SAATNYA UNTUK MENIKAH

SAATNYA UNTUK MENIKAH
By:
Hadi Kurniawan, S.Farm., Apt.
Tak ada waktu untuk
menunda
Jika engkau memang
telah siap
Maka apalagikah alasan
Yang bisa engkau
berikan
Untuk memaafkan dirimu
sendiri?
Bukankah jika engkau
miskin
Allah berjanji akan
memberi
Kecukupan kepadamu
(Dikutip dari buku “Saatnya Engkau Menikah” oleh Muhammad
Fauzil Adhim)
Rasulullah bersabda yang disebutkan oleh Thawus dari Ibnu
Abbas r.a. “Tidak ada yang bisa dilihat
(lebih indah) oleh orang-orang yang saling mencintai seperti halnya menikah”.
An-nisa:3 dan Allah juga berfirman dalam surah Al Baqarah:187 “Mereka merupakan pakaian bagimu dan kamu
pun adalah pakaian bagi mereka”.
Tak sedikit pemuda pemudi mempersingkat
pertemuan dengan maksiat nista hingga berujung sesal panjang penuh hina.

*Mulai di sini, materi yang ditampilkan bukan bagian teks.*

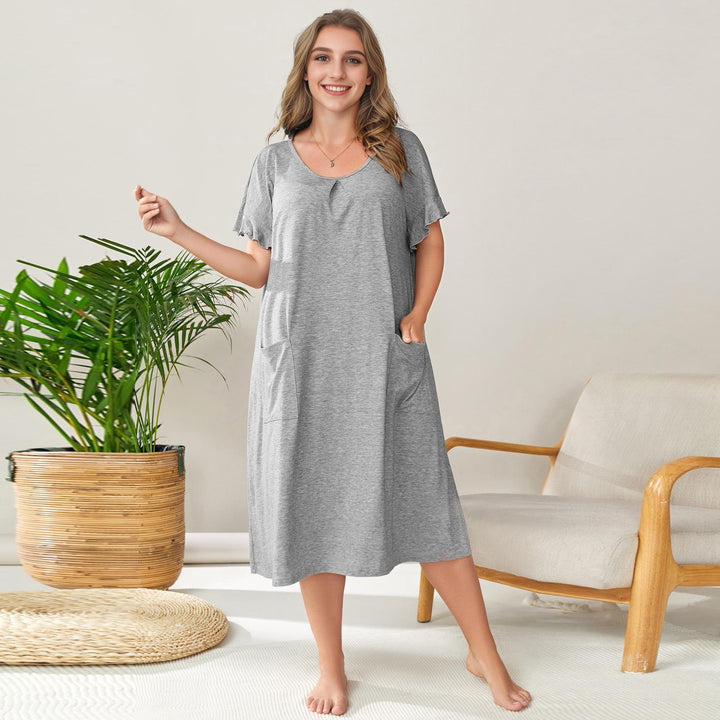 Levoire | Robe de nuit Plus Size Coton Robe de poche Robe légère à fleurs grises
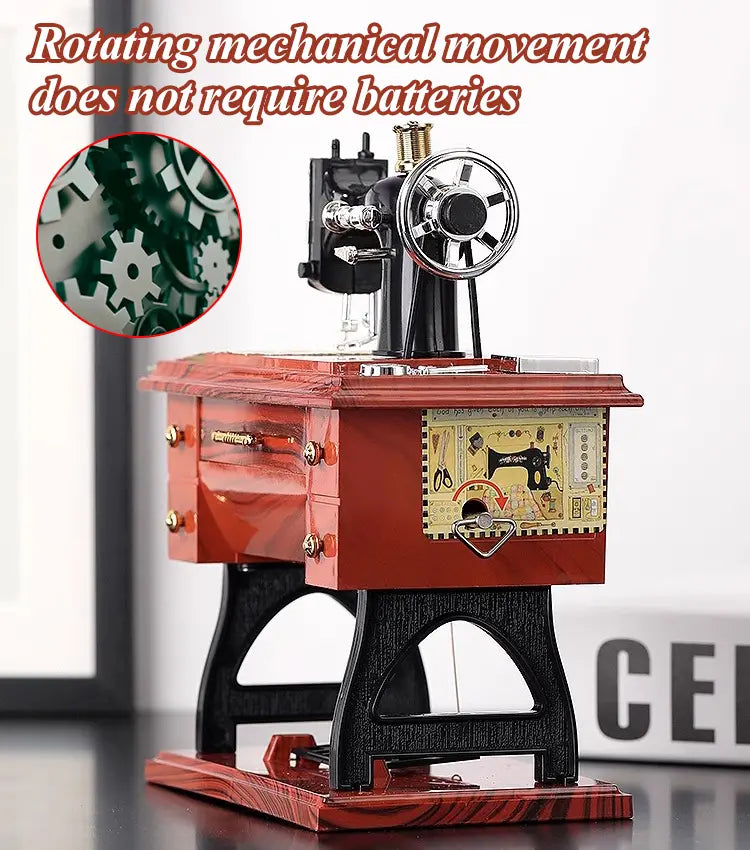Nueva caja de música de máquina de coser retro, puede reproducir 20 tipos de música.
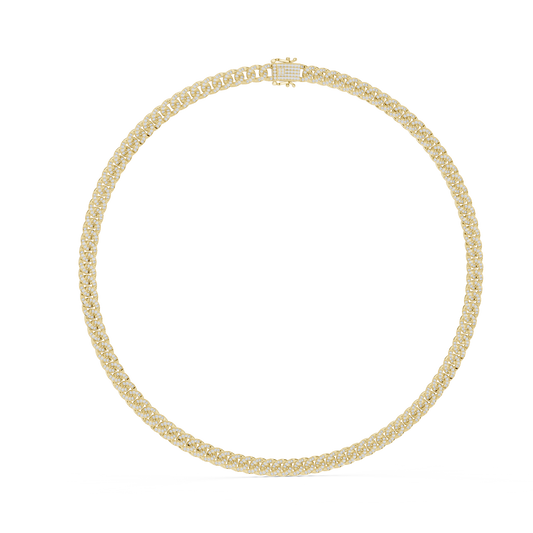 Pave Cuban Link Chain Necklace in yellow 925 sterling silver, view 1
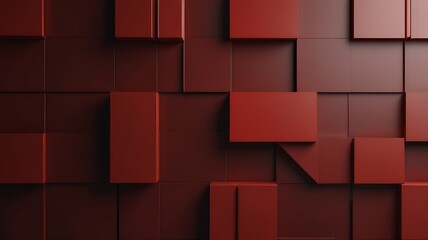 Wall Mural - Embrace simplicity with this captivating abstract background design. A minimalist arrangement of red geometric shapes creates a harmonious composition. Generative Ai.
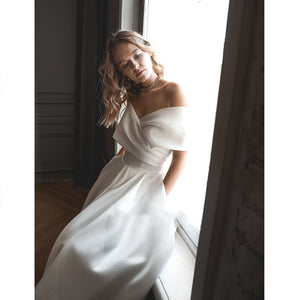 Boho Inspired Off Shoulder  Wedding Dress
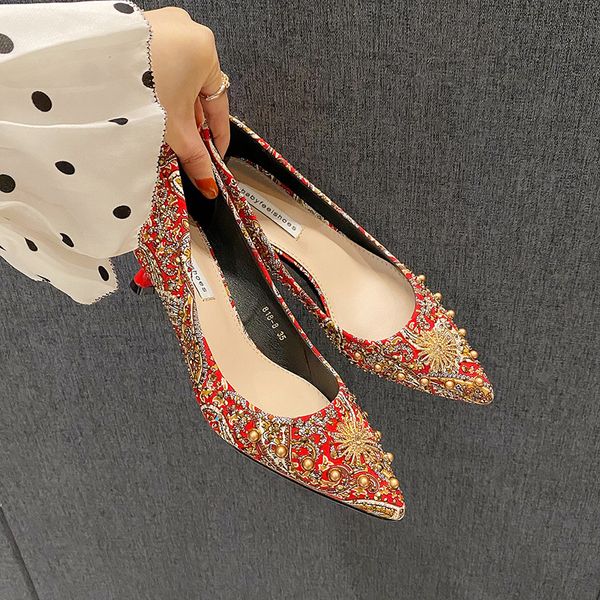 

818-8 wedding female 2021 red high thin heels bride chine xiuhe sho short heels, Black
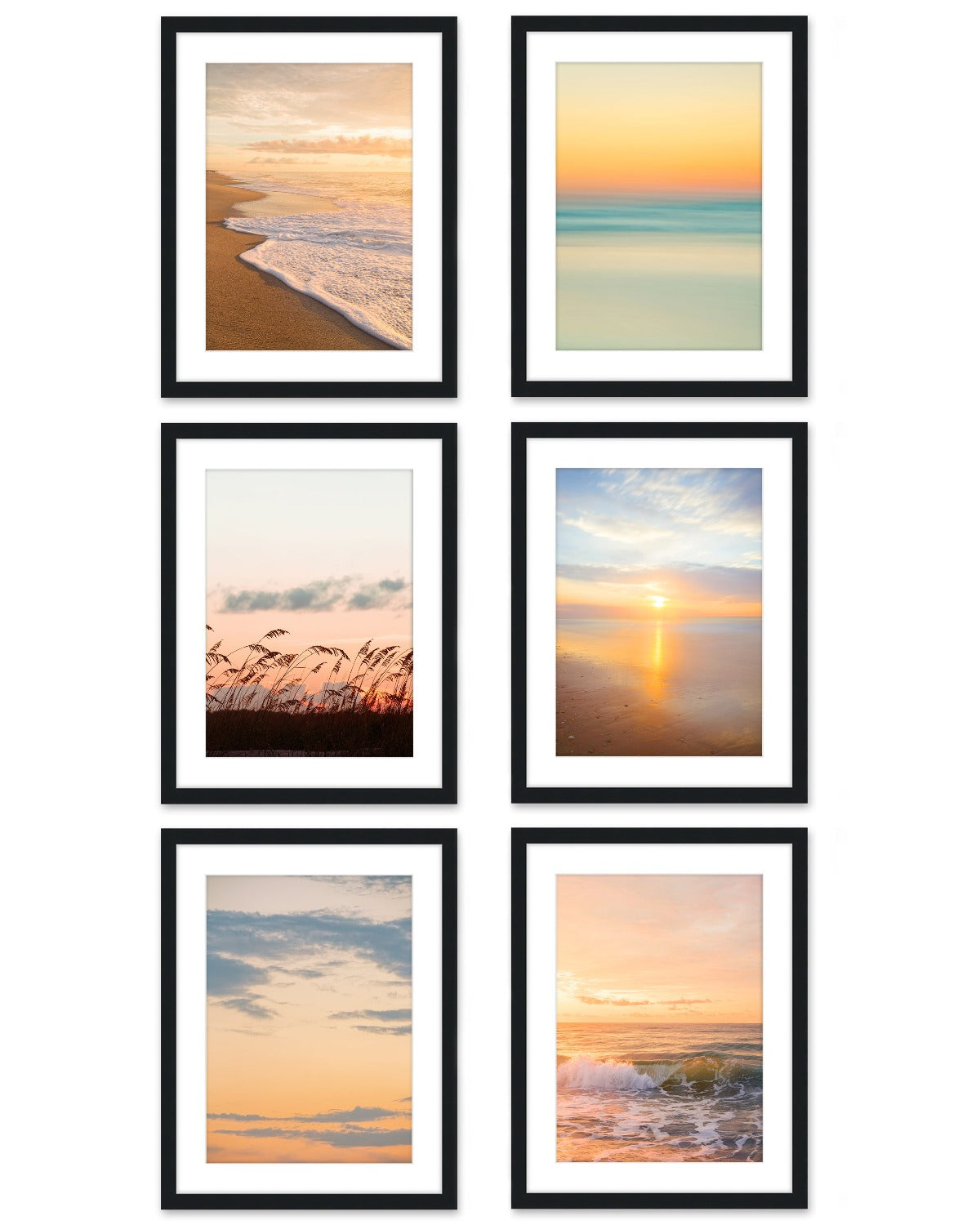 set of six warm sunset beach photographs, black wood frame by Wright and Roam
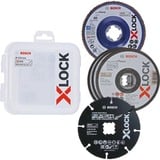Bosch Professional PRO Cutting and Grinding, X-LOCK Trennscheiben-Set 125mm 5-teilig, inkl. Fächerschleifscheibe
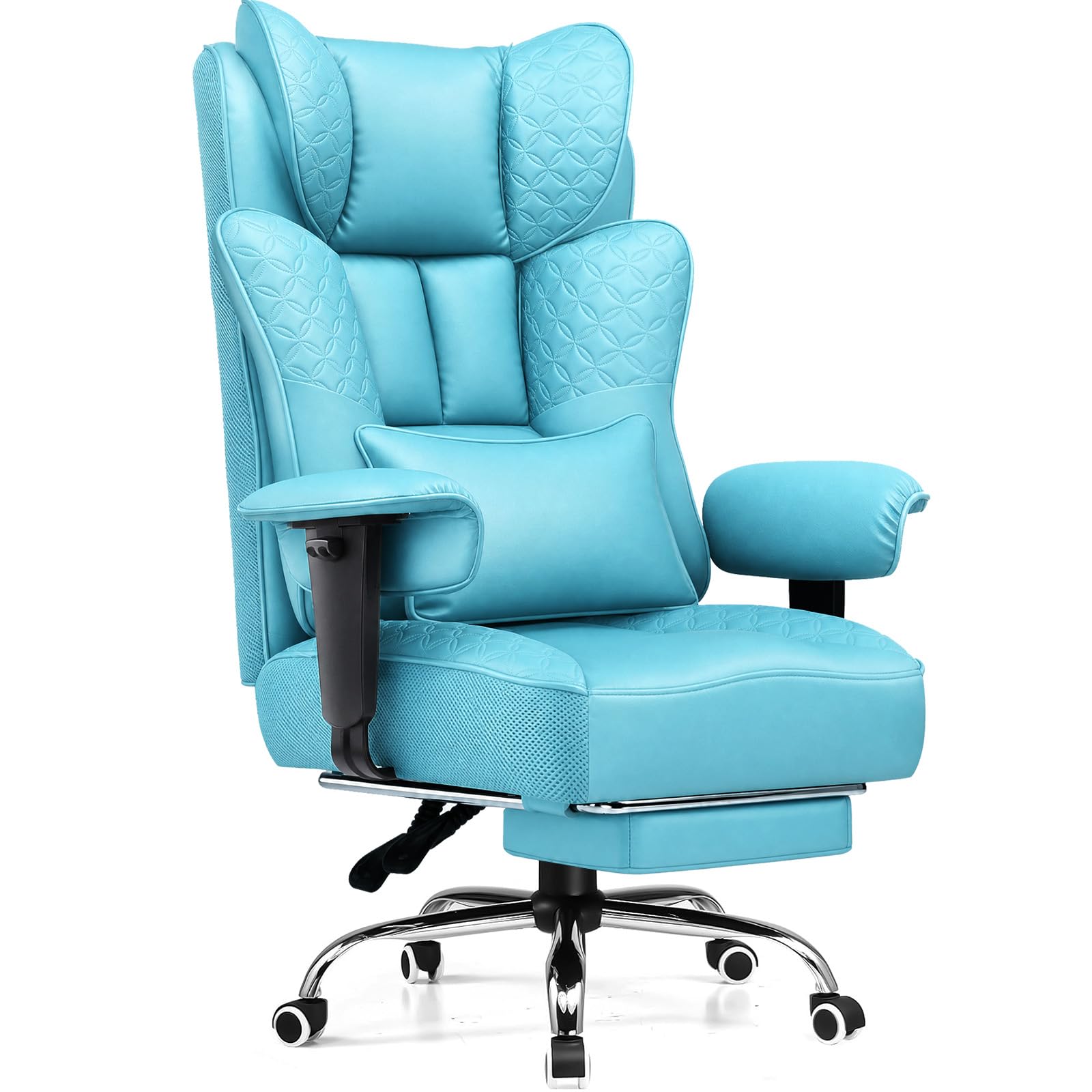 GTPLAYER Bürostuhl, Ergonomischer Gaming Stuhl mit Fußstütze Chefsessel bis 200kg, PU-Leder Schreibtischstuhl mit Taschenfeder-Kissen und Lendenwirbelstütze, Höhenverstellbar Home Office Stuhl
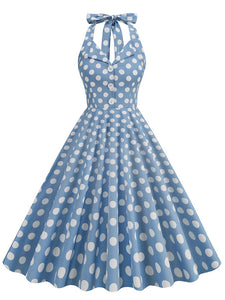 Green And White Polka Dots Pockets Vintage Halter 1950S Dress With Button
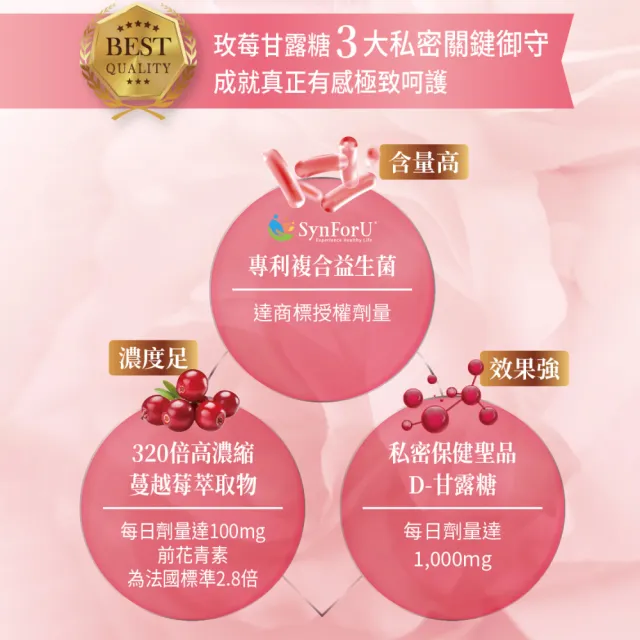 【Nutrimate 你滋美得】私密專科玫莓甘露糖 3入組(共90錠、甘露糖、蔓越莓、玻尿酸、專利益生菌)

Mencicipi keindahan dan kenikmatan sesaat yang dijanjikan. Ada juga yang tak
berani bermimpi apatah lagi melangkah. Terdapat juga pemuda yang tergesa-gesa
menjemput indahnya momen tanpa persiapan.
Sesungguhnya
pernikahan merupakan keberanian membenturkan idealisme dalam realitas. Mempertemukan
harapan dalam kenyataan. Kedewasaanlah yang menyatukan kedua perbedaannya.
Pasangan kita bukanlah sempurna, dimana selalu ada kekurangan dan kelemahan.
Jika 1 kriteria telah terpenuhi yakni ketaatan agamanya kepada Allah dan Rosulullah
maka akan selamat, dan insya Allah terjamin semua aspek lainnya akan mengikuti.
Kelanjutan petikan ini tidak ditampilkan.